*Try it*. Within the entries below, please return exactly the lines from the one with "An engine turned" through the one with "comedor con mesa", leaving out any pictures.

*Listed entries*.

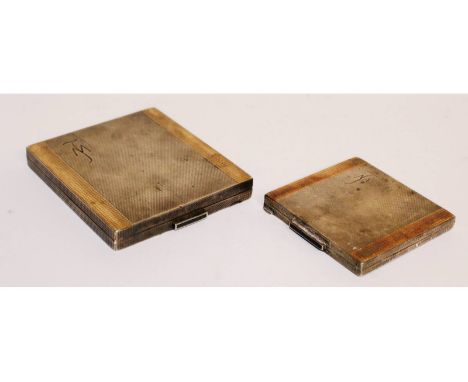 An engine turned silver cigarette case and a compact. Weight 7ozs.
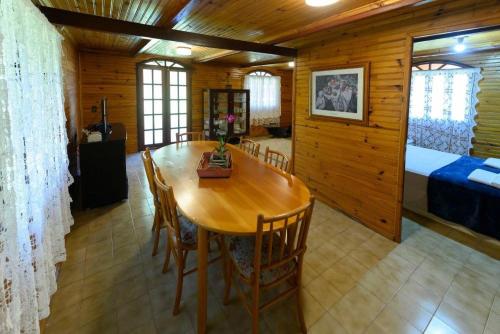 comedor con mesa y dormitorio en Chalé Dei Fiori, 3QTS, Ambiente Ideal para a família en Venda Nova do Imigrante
==
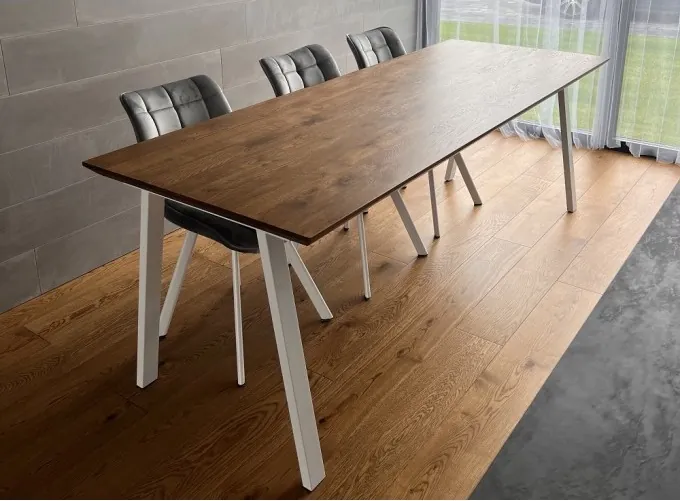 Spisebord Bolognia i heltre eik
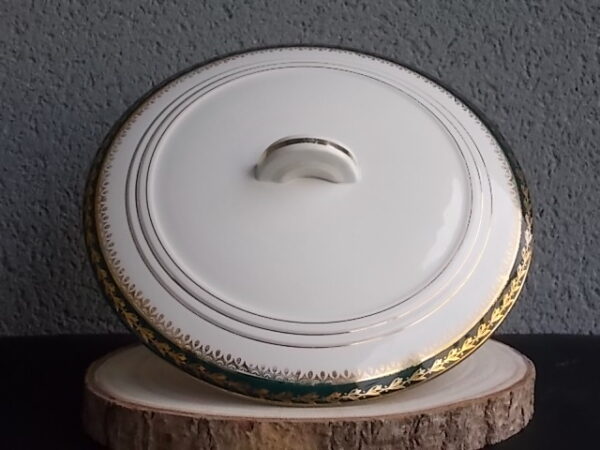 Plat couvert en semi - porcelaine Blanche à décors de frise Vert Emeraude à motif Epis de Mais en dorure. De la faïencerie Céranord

*Task solution*.
 An engine turned silver cigarette case and a compact. Weight 7ozs.
 comedor con mesa y dormitorio en Chalé Dei Fiori, 3QTS, Ambiente Ideal para a família en Venda Nova do Imigrante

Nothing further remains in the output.